DIR: Wes Anderson • WRI: Wes Anderson, Hugo Guinness • PRO: Steven M. Rales, Scott Rudin, Jeremy Dawson, Wes Anderson • DOP: Robert D. Yeoman • ED: Barney Pilling • MUS: Alexandre Desplat • DES: Adam Stockhausen • CAST: Saoirse Ronan, Ralph Fiennes, Tilda Swinton, Edward Norton
It’s safe to say that ever since his third feature, the irresistibly charming and endearing The Royal Tenenbaums, Wes Anderson has managed to establish himself as one of the most distinguishable and idiosyncratic directors in contemporary American cinema. In the past decade, Anderson has taken us from on board an eccentric oceanographer’s submarine while he seeks revenge on a glow-in-the-dark shark, to a luxury train travelling across India whilst three brothers seek spiritual enlightenment, to the tale of an anthropomorphic fox as he outsmarts three dim-witted farmers, and then to a fictional island off the coast of New England where two love-struck teenagers decide to elope after meeting at an amateur performance of Noye’s Fludde. As a result of this exceptionally offbeat aesthetic, his trademark dry wit, Anderson has won critical acclaim from both sides of the Atlantic, and there are certainly not many modern directors whose films can create such an air of anticipation amongst the more cine-literate of regular cinema attendees.

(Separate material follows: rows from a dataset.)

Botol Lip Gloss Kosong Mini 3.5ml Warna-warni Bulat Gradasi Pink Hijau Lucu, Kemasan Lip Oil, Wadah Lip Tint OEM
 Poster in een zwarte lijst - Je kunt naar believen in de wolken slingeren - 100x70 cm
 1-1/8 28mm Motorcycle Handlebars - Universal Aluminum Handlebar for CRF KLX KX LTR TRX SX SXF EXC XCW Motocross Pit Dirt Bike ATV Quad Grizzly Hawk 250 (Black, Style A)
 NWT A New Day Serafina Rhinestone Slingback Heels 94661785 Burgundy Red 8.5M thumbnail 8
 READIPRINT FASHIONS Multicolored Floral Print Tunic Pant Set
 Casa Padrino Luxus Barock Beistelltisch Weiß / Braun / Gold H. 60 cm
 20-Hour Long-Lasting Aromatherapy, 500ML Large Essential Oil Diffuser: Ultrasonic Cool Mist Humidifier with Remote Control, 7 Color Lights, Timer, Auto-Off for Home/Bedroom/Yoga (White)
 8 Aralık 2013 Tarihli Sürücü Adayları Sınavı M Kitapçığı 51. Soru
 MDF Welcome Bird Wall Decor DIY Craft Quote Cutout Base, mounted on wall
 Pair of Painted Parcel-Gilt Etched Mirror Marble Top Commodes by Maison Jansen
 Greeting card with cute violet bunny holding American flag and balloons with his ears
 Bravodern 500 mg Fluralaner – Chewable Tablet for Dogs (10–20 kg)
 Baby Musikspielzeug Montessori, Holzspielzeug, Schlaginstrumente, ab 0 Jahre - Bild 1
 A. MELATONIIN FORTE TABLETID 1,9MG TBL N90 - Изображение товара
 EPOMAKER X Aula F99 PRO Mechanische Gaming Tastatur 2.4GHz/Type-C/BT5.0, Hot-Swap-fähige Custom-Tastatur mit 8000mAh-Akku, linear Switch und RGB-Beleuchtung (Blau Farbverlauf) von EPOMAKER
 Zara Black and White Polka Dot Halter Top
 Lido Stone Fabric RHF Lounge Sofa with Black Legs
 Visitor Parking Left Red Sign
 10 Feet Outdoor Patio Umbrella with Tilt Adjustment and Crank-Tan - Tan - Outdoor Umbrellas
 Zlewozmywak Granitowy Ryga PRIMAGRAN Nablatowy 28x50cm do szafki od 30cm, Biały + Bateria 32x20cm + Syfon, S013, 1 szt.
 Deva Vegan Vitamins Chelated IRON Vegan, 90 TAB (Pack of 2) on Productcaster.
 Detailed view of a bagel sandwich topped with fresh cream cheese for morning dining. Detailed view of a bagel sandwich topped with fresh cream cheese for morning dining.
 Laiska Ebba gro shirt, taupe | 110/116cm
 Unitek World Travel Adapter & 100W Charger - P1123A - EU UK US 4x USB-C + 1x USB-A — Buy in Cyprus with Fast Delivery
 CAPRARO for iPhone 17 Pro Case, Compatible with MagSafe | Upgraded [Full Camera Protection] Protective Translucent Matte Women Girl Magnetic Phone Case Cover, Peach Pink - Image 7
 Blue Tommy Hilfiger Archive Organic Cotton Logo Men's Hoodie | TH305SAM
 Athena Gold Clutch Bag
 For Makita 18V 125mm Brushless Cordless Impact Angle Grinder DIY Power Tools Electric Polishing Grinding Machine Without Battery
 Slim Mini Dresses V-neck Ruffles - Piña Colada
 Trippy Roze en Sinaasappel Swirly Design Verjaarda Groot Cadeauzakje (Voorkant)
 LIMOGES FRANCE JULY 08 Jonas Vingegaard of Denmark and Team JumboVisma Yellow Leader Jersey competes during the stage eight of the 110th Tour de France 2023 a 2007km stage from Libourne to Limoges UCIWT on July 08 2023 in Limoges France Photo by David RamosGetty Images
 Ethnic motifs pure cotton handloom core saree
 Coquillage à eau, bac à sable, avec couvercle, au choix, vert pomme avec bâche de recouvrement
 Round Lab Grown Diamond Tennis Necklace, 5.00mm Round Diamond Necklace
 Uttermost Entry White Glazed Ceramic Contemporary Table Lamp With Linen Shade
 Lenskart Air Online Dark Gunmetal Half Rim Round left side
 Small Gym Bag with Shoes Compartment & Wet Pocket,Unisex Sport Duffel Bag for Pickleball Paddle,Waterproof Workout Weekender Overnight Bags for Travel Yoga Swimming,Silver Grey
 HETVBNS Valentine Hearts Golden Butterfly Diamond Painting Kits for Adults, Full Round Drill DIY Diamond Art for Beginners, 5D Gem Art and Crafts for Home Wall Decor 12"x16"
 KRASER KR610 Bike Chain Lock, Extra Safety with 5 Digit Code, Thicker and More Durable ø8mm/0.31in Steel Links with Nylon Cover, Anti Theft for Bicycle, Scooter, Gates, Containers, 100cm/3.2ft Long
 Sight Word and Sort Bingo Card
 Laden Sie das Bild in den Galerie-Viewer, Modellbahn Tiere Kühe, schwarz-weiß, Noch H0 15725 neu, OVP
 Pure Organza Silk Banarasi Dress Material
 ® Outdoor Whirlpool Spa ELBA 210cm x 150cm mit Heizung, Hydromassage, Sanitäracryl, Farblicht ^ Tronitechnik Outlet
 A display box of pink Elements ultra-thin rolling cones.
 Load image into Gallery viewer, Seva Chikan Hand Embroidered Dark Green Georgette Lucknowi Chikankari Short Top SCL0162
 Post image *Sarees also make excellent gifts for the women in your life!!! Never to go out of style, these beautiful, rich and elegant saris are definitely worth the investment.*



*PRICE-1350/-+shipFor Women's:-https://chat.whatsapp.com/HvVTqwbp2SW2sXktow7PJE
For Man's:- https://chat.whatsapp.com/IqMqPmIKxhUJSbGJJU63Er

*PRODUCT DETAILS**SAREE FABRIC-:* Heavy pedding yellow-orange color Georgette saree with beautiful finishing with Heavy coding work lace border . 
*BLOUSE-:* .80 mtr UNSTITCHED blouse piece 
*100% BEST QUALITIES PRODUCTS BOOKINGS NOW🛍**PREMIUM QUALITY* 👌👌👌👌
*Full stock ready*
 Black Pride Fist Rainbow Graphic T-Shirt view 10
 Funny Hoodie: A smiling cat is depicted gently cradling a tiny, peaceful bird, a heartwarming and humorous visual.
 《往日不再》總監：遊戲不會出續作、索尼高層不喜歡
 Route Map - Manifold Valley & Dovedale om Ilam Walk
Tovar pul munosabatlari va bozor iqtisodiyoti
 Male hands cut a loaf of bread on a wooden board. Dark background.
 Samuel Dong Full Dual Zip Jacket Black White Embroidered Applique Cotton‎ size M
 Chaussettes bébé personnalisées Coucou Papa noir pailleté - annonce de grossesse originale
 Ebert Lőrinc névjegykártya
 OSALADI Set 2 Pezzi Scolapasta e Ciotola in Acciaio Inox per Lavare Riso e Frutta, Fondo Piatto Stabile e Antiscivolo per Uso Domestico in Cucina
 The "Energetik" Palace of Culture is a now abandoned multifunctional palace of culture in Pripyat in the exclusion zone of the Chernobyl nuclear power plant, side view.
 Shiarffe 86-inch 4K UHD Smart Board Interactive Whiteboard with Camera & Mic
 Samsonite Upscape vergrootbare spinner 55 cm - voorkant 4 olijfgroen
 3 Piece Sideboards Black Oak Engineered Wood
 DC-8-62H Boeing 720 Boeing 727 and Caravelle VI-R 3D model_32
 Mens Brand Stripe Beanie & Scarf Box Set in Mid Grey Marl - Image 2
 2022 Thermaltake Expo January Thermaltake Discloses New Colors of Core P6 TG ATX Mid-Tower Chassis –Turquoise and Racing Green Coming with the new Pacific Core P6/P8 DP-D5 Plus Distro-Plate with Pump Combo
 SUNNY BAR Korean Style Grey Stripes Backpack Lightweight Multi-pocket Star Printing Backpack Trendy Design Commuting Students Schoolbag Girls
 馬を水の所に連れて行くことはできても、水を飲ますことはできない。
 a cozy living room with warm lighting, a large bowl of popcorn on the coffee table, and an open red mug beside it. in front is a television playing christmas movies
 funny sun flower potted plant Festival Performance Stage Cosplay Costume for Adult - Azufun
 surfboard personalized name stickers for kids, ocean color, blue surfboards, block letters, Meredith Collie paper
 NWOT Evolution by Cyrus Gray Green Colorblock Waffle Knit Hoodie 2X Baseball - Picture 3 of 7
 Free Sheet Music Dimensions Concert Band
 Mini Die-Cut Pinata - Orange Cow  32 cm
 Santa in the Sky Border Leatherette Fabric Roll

His eighth feature, The Grand Budapest Hotel, is certainly no exception and on this occasion, Anderson delves into the fantastical world of Mittel-Europa and takes inspiration from Stefan Zweig, the late Austrian writer who rose to prominence in the 1920s and 1930s before fleeing the continent as a result of the Second World War. The film however, is not a direct adaptation of anything in particular from Zweig’s body of work; instead, Anderson has seemingly infused his latest feature with several techniques and principles that are rooted in Zweig’s oeuvre. As a result, Anderson has created a film that will not only please his legions of followers; it might also have the power to sway even the most cynical of Anderson’s detractors.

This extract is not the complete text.